The predominant colors in Anza are "dirt" and "sand".  When I arrived at
Kamp Anza, Paul, a very fit 70-something retired man, happened to be
right at the campground entrance with the "Hikermobile", a golf cart he
maintains for the use of tired hikers to get to the showers, laundry, or
move about the campground.  I threw my pack in the back.  As he drove me
past several tired old semi-permanent campground trailers, and a
restroom/shower facility, I saw Hikers' Oasis looming ahead like a
desert mirage.  Pat Ziegler and Paul Miller have a very large lot on
which Pat's vacation home sits apart from the rest of the campground. 
The lot is fenced with a tasteful redwood lattice and screen fence that
keeps the critters away from Paul and Pat's Oasis, a broad expanse of
Kelly green grass and an exotic rose garden and arbor, sheltered from
the sun by deciduous shade trees.  This is the hiker sleeping area; Paul
told me that during the peak thru hiker surge in May '99 as many as 22
hikers were camped out on the lawn.  After two weeks of chaparral and
desert gravel, sleeping on that plush lawn was better than the best bed
in town.  Later Paul showed me a diagram of the rose garden where each
bush is labeled and named, many after favorite hiker guests who have
visited the oasis.

Paul and Pat are trail angels.  That's their full time job; it's what
they do.  They've been doing this for a few years now, but as hiker
connectivity has increased over the last year, more and more hikers are
aware of the oasis, and are taking a layover day or more, some because
they want to, others because they need a respite from early hike overuse
injuries.  I looked through the hiker albums, 3 ring binders with a
short questionaire and a polaroid portrait of each hiker guest.  1998
was a 1 inch binder with perhaps 20 hikers; 1999 is a 3 inch binder with
nearly 70.  Each hiker's page is in one of those plastic page protectors
and most of the protectors also contain post cards, thank you notes and
other momentos the hikers have sent back from the trail.  As Paul showed
me around the oasis he described many of the new projects he had on his
list for the class of 2000, already anticipating a very busy spring.

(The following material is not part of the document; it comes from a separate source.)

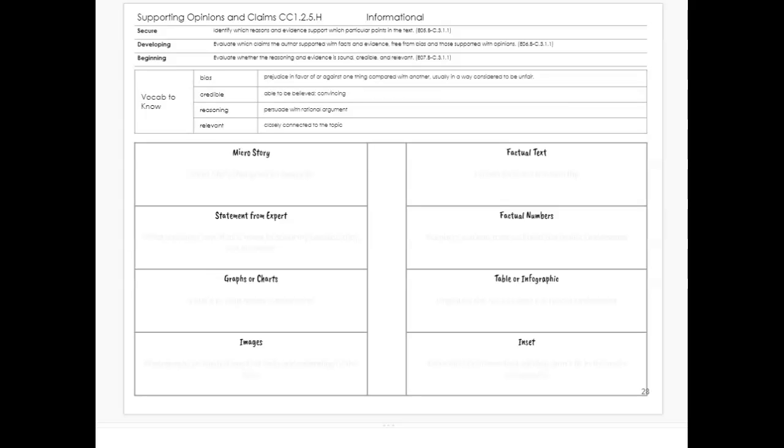When we are supporting an opinion or a claim, there are a number of different ways that authors can do this within a text. That's what we're going to look at. Our secure skill is to identify which reasons and evidence support which particular points in the text.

As I said, I'm a cynical city kid, but Paul and Pat's Hiker Oasis is the
real thing.  They ask nothing and they give whatever the hikers need and
then some.  The campground collects 5 bucks a night for use of the
facilities, and that's it.  They have a web site at
http://www.jps.net/thebear1/ and email access.  Drop them a line; you
won't be sorry.

Happy trails, Tom

p.s. Paul and Pat, thanks again for your hospitality; my layover at the
Oasis was a major highlight, and I'll definitely be back in '00.